Thoughts on the Authorship of Scripture
We cannot be dependent on the “original autographs,” not only because we do not have them, but also because the very concept is anachronistic for most of the Old Testament and does not reflect how the books came into existence.
Walton, John H.; Sandy, Brent. The Lost World of Scripture: Ancient Literary Culture and Biblical Authority (p. 67).
Authorship is a concept that derives from a predominantly written culture, whereas ancient Israelite society was largely an oral culture. Traditions and stories were passed on orally from one generation to the next. They had their authority from the community that passed on the tradition rather than from an author who wrote a text.
…the spread of Greek language, cult brought with it the concept of authorship. The authority of a text came to be associated with its author. Jewish tradition naturally felt compelled to find authors for its literature in this age, although there was little explicit evidence about authorship in the Bible.
William M. Schniedewind. How the Bible Became a Book: The Textualization of Ancient Israel
We picture Moses in his tent, scribbling away, miraculously recording all the events of creation, the Noahic flood, Abraham's movements, the Exodus and so on. We imagine David in the palace, lyre in hand, working on a psalm late at night. And there's Luke, laboring over an interview with an eyewitness, trying to record an accurate account of the events in the life of Jesus. The production of the biblical texts we possess were definitely not produced as described. Not even close.
The answer to the question in the title is an emphatic NO. Scholars use the word "autograph" to refer to an original document dictated or written by the hand of the composer. We have almost no autographs from antiquity partly because of the material process of producing and disseminating written material in those cultures, and also because disaster befell the Roman Empire and the Library of Alexandria. It's possible that we have a few letters from Simon Bar Kochba (135 CE) among the Dead Sea Scrolls- an extremely rare example with any sort of confidence in its provenance. The only reason we have Aristotle, Pliny, Cicero and the like is that a scattering of monasteries maintained copies inn their libraries that were rediscovered by scholars in the Renaissance.
"Not a single autograph in the hand of ancient Greek or Roman notables, not one manuscript so carefully preserved in the Classical period, not one book from the library at Alexandria, has survived. The manuscripts that we have are copies rarely older than the 6th century AD and more often belong to the 9th and 10th centuries.

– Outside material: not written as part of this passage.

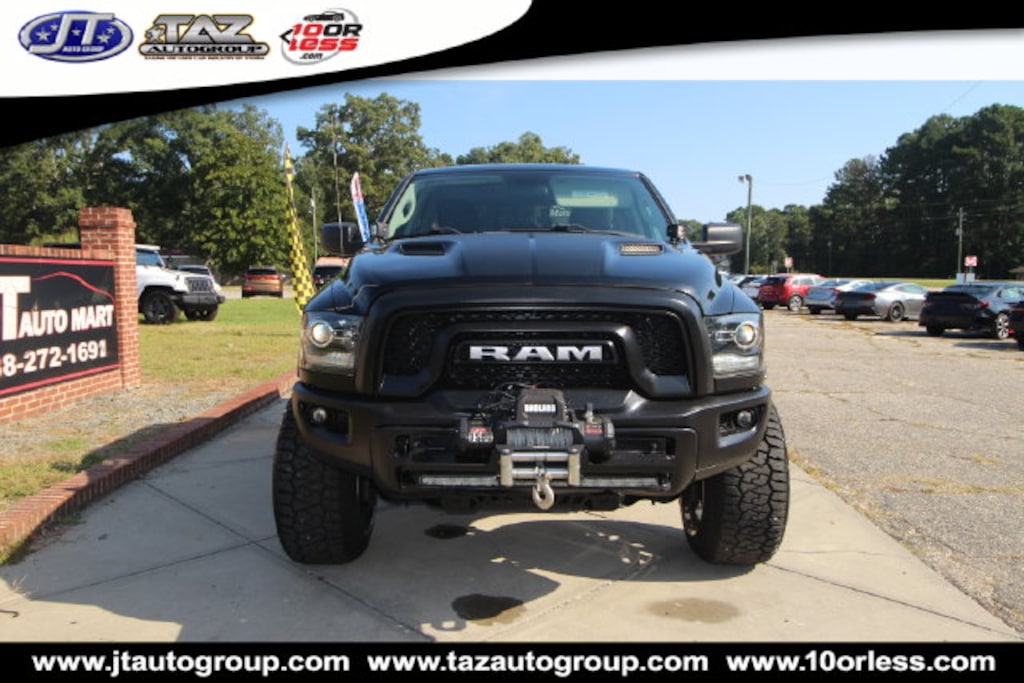 Used 2019 Ram 1500 Classic Warlock Truck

In the Middle East and Egypt, some ancient letters and documents have been found, preserved by circumstance and the arid climate."
https://www.raabcollection.com/blog/pliny-petrarch-short-history-collecting-autographs
The conflict between oral and written texts continued through the Rabbinic period after the fall of Jerusalem. For most of ancient near eastern history the means of transmitting wisdom, etiological stories, moral lessons, poetry and so on was chiefly verbal. In many settings, a written text symbolized a kind of magic or an act of official control, especially in cultures where the only readers and writers were governmental agents. (See Niditch, Oral World and Written Word)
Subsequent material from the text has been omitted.